Supplied data below:

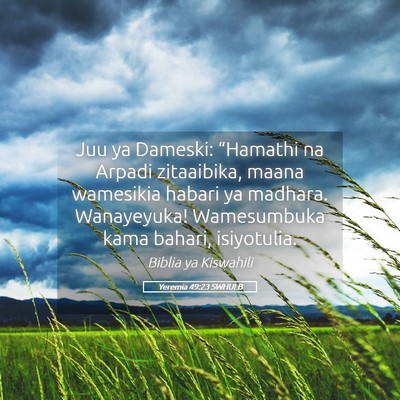 Picture 05 - Yeremia 49:23 SWHULB - Juu ya Dameski: “Hamathi na Arpadi zitaaibika, - Bible Verse Picture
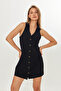 Linen Dress with Shirt Collar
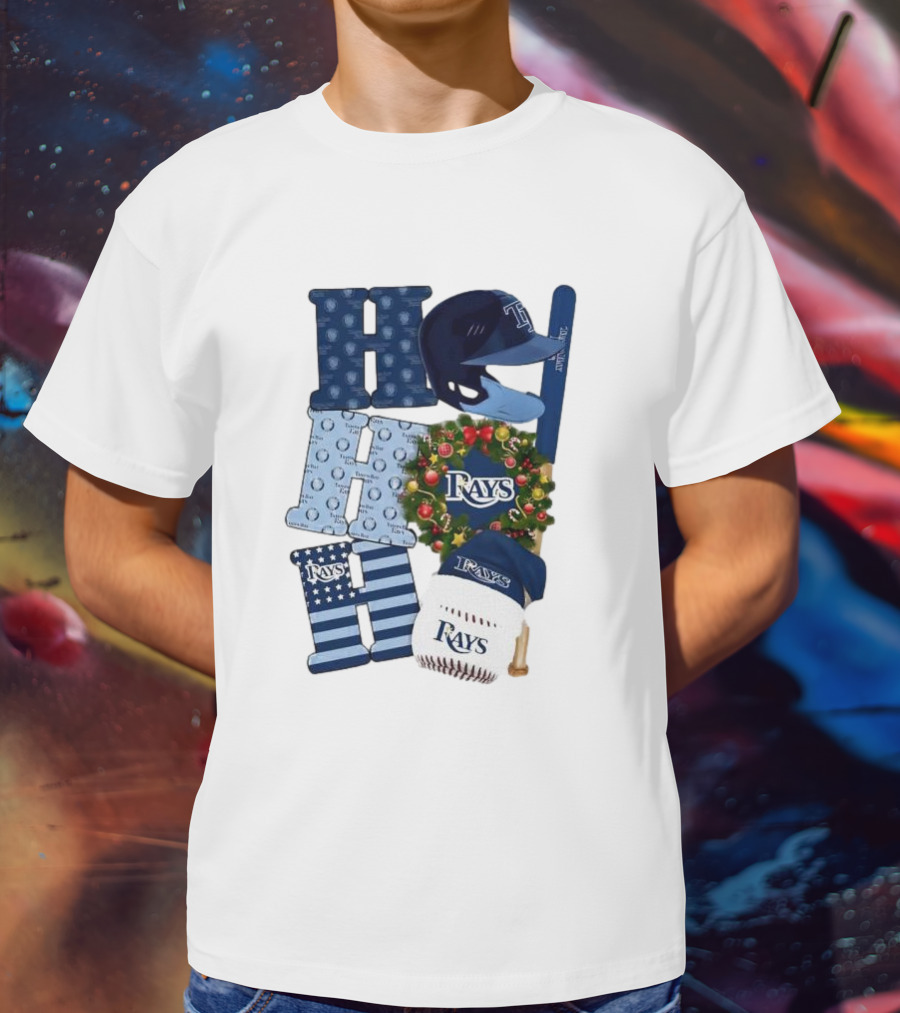 Tampa Bay Rays Ho Ho Ho Merry Christmas Baseball Helmet Wreath T-Shirt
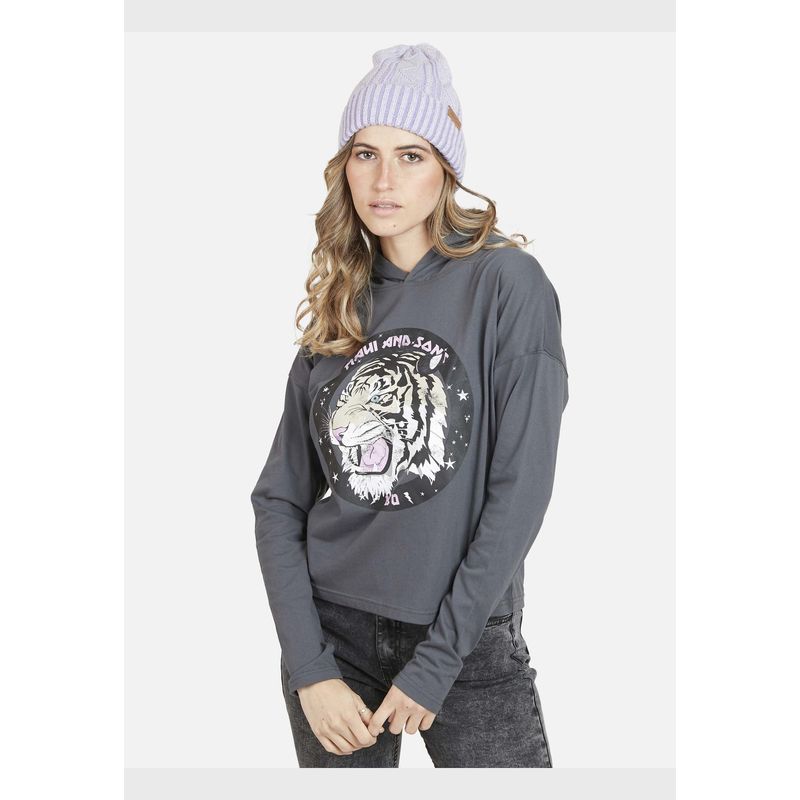 MAUI AND SONS - Polera TIGGER Manga Larga Mujer Gris Maui & Sons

End of Supplied data.

= What this task involves =
Line by line, write out the data above exactly, without the pictures.

= Solution =
 Picture 05 - Yeremia 49:23 SWHULB - Juu ya Dameski: “Hamathi na Arpadi zitaaibika, - Bible Verse Picture
 Linen Dress with Shirt Collar
 Tampa Bay Rays Ho Ho Ho Merry Christmas Baseball Helmet Wreath T-Shirt
 MAUI AND SONS - Polera TIGGER Manga Larga Mujer Gris Maui & Sons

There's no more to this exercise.